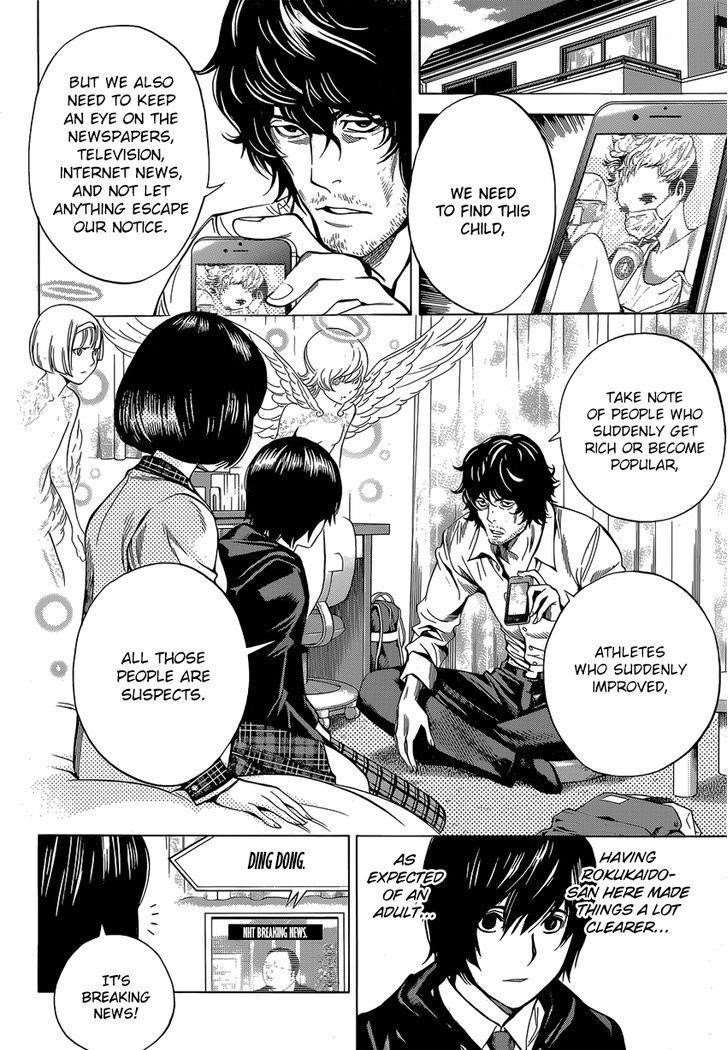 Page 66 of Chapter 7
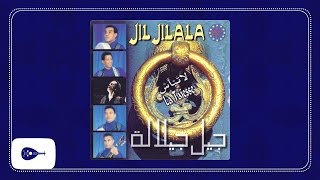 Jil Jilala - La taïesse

• • •

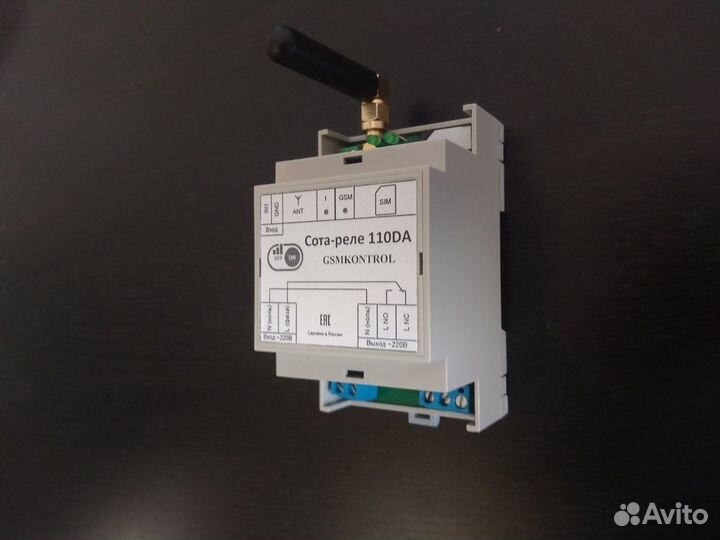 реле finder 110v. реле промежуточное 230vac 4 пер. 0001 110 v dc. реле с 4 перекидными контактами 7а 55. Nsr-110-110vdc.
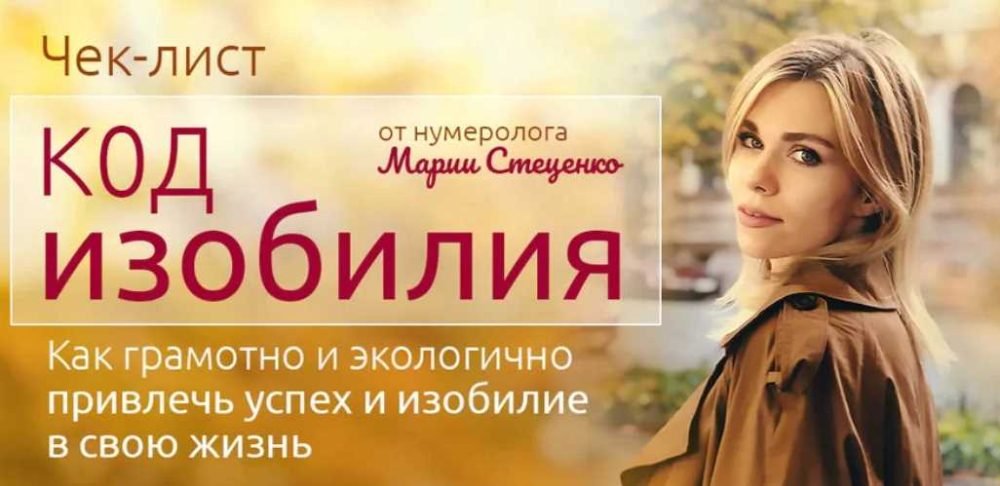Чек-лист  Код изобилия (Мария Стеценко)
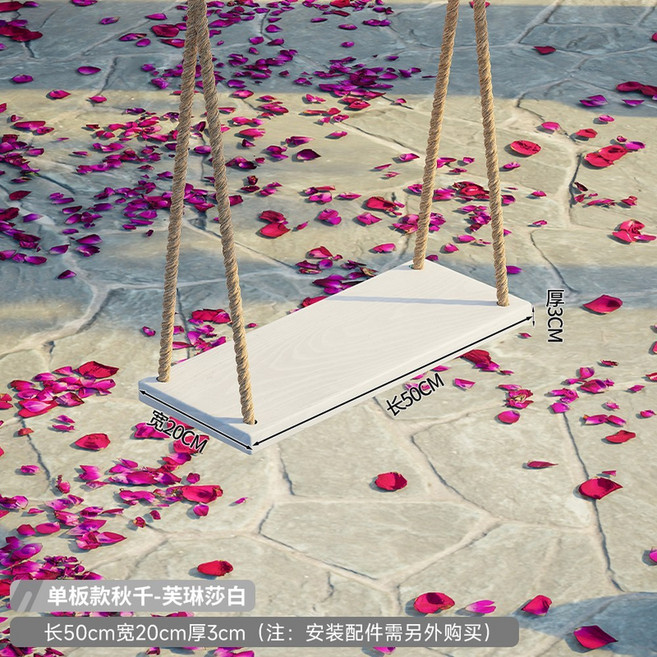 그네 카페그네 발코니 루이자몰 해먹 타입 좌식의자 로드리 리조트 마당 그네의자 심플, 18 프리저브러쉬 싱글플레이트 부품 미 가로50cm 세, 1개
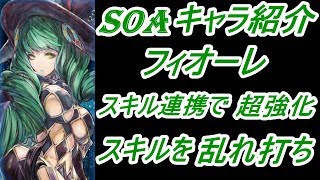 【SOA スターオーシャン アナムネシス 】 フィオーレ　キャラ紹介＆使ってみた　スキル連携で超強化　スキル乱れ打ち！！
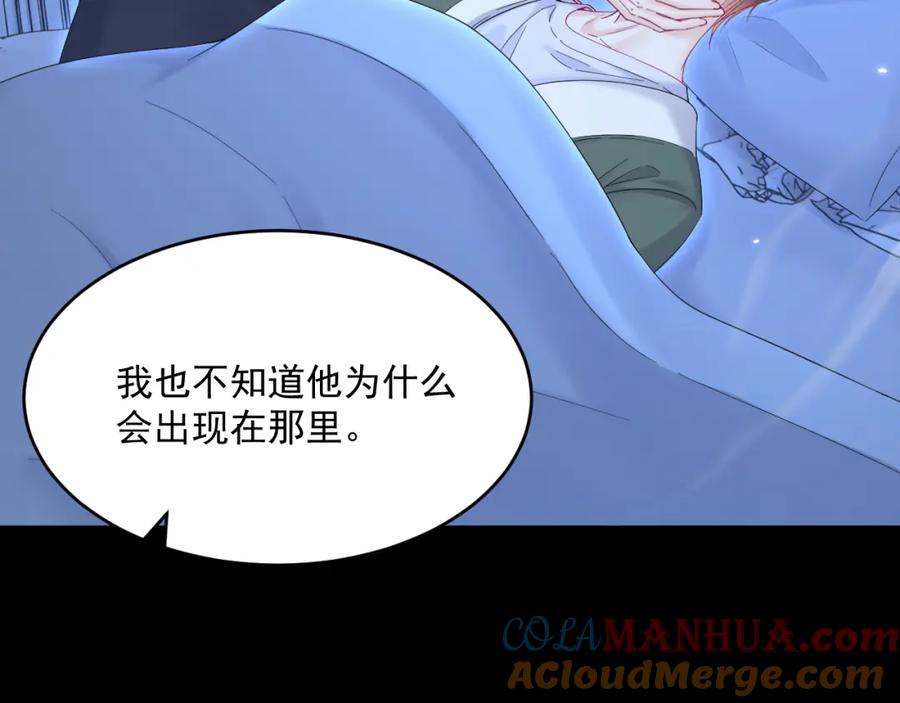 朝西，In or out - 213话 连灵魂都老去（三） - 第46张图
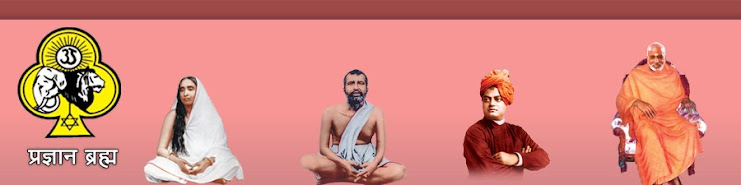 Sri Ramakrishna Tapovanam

• • •

*What to produce*: Look above for the line with "アナムネシス 】 フィオーレ　キャラ紹介＆使ってみた　スキル連携で超強化　スキル乱れ打ち！！", then give again exactly every line from there through the line with "Sri Ramakrishna Tapovanam", skipping the pictures.

*Answer for the task*:
 【SOA スターオーシャン アナムネシス 】 フィオーレ　キャラ紹介＆使ってみた　スキル連携で超強化　スキル乱れ打ち！！
 朝西，In or out - 213话 连灵魂都老去（三） - 第46张图
 Sri Ramakrishna Tapovanam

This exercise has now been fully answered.